Third Street Gallery,
Edward Sozanski, Philadelphia Inquirer
Although Philadelphia abounds in industrial vista, especially along the Delaware River, local landscape painters tend to favor pastoral subjects. Not so Jeff Dion. Like the German photographers Hilla and Bernd Becher, known for their images of water towers and mine tipples, Dion finds industrial structures powerful and aesthetically pleasing.
His exhibition of oils and watercolors at Third Street Gallery celebrates some of the most imposing such structures along the city's waterfront, such as the huge cranes south of the Walt Whitman Bridge used to unload bulk cargo from ships.
Dion paints them as he might paint the portrait of an important industrialist, frontally and in a scale that conveys what mighty forces they are. The images are painterly variations on a photo aesthetic, not precisely detailed, but sufficiently expressive to convey structural and mechanical complexity and the ability to do massive amounts of heavy work.
Dion doesn't romanticize these structures in his larger paintings (he does a bit in the smaller ones) because he evidently realizes that embellishment isn't necessary.

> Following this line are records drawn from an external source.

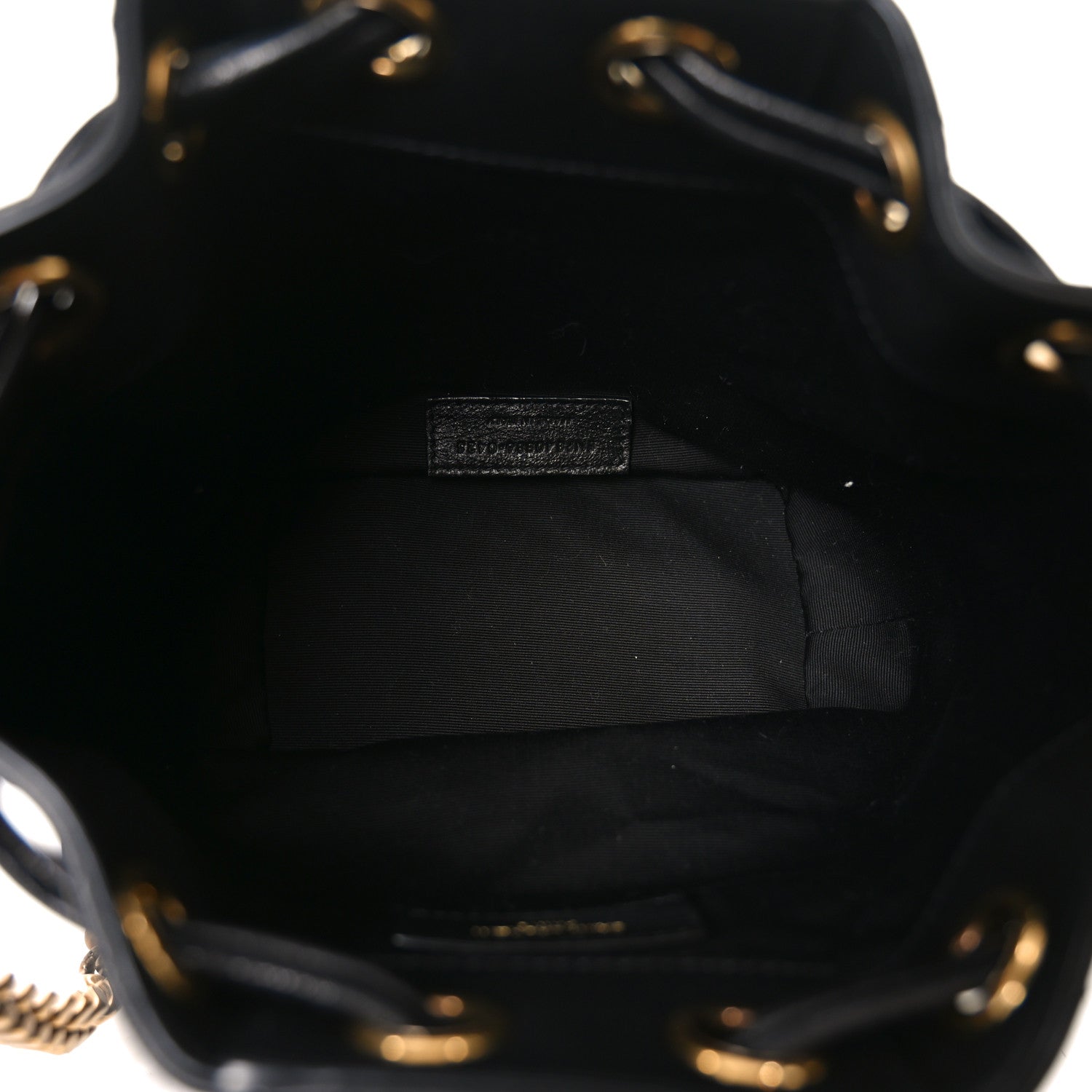Saint Laurent Lambskin Carre Quilted Small Cassandre Bucket Bag Black 5 of 10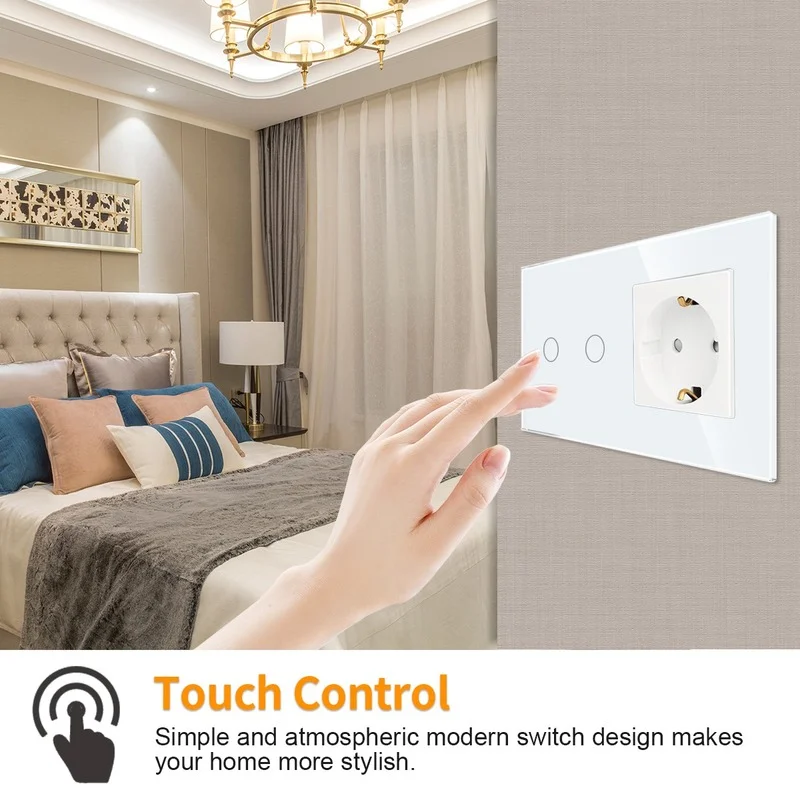 Bingoelec Zigbee 터치 스위치 1/2/3 Gang 센서 스위치 EU 표준 일반 소켓 (크리스탈 유리 패널 포함) 홈 개선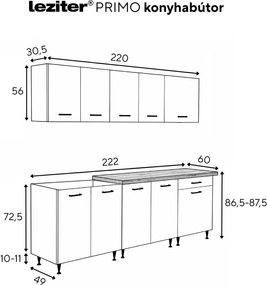 Primo 220 konyhabútor fehér, rauna szil munkalappal
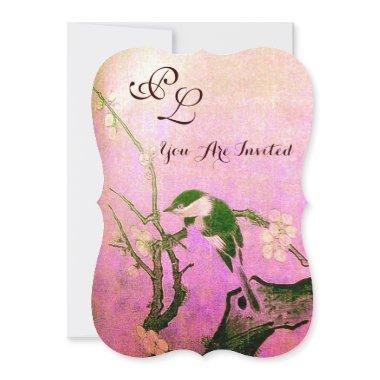 SPRING BIRD MONOGRAM Pink Fuchsia White Brown Invitations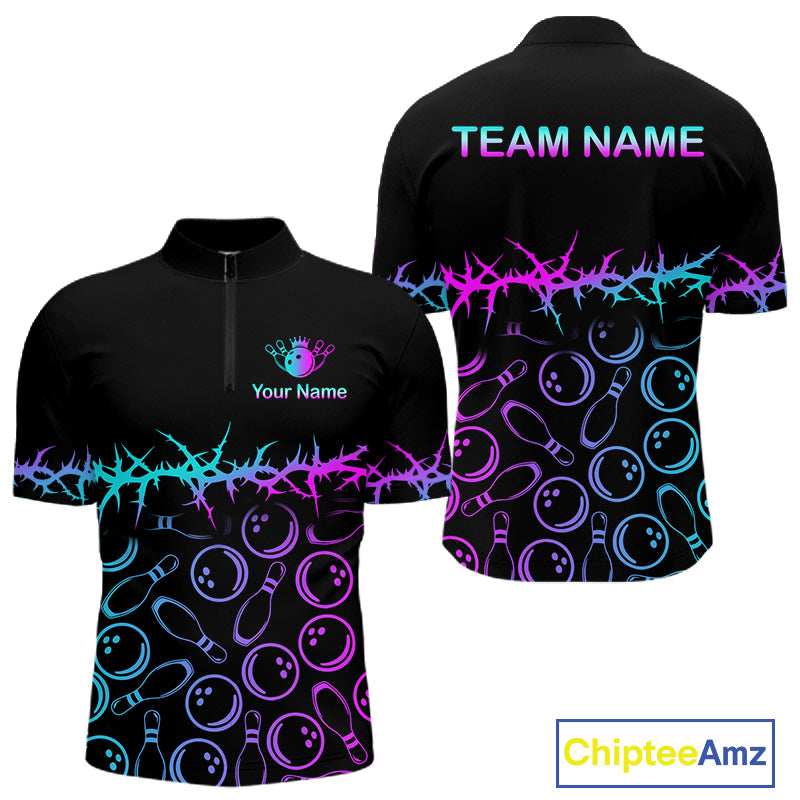 Black short-sleeve zip-up bowling jersey shown from front and back on a white background. The front has a small multicolor logo and 'Your Name' placeholder, while the back has 'TEAM NAME' placeholder text.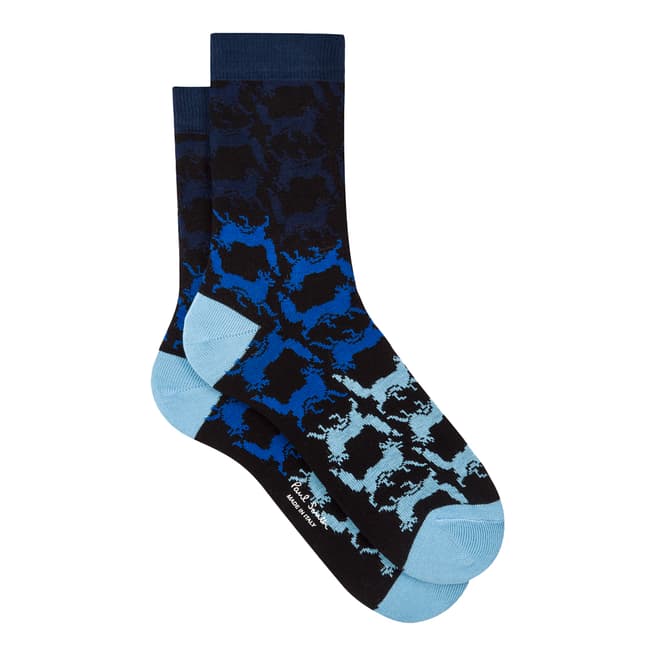 PAUL SMITH Black/Blue Irma Fox Socks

Industrial power on a monumental scale conveys intrinsic majesty, which Dion has captured.
The large oils are the most impressive
because they isolate the cranes in all their glory. The smaller works
place them in a broader landscape context, sometimes from across the
river. They're more anecdotal and even dare we say it, charming.
Susan Hagen, Philadelphia City Paper
Through Oct. 28, Third Street Gallery, 58 N. Second St., 215-625-0993.
In his third solo exhibition at Third Street Gallery, Philadelphia artist Jeff Dion has taken his trademark industrial landscape paintings in an unexpected new direction. Much of his past work involved the use of the abandoned Bureau Brothers’ Foundry built in 1906 in North Philadelphia. In 1996 he was commissioned to paint a portrait of the building, and he then went on to paint interior views for several years. In his new work, funded by a grant from the Independence Foundation Fellowships in the Arts, Dion has continued to work with the foundry, now including a single nude figure in each painting.
Dion developed the seven large paintings on display by first painting a series of small studies (eight are included in the show) of nude male and female models during the cold months of last year — in the unheated building. Later he worked on the large oil-on-canvas paintings in the comfort of his studio, returning to the site as necessary. All of this bare exposed skin on cold tabletops and concrete floors is bound to induce discomfort in an empathetic viewer. The coldness also seems to have compressed the models’ poses, making them appear passive or frozen. Of the emotional content in the paintings, Dion explains, "I love the space in the foundry and was inspired by the beautiful light reaching down from heaven to illuminate the figures and debris, then I started to think about longing, grief and hope."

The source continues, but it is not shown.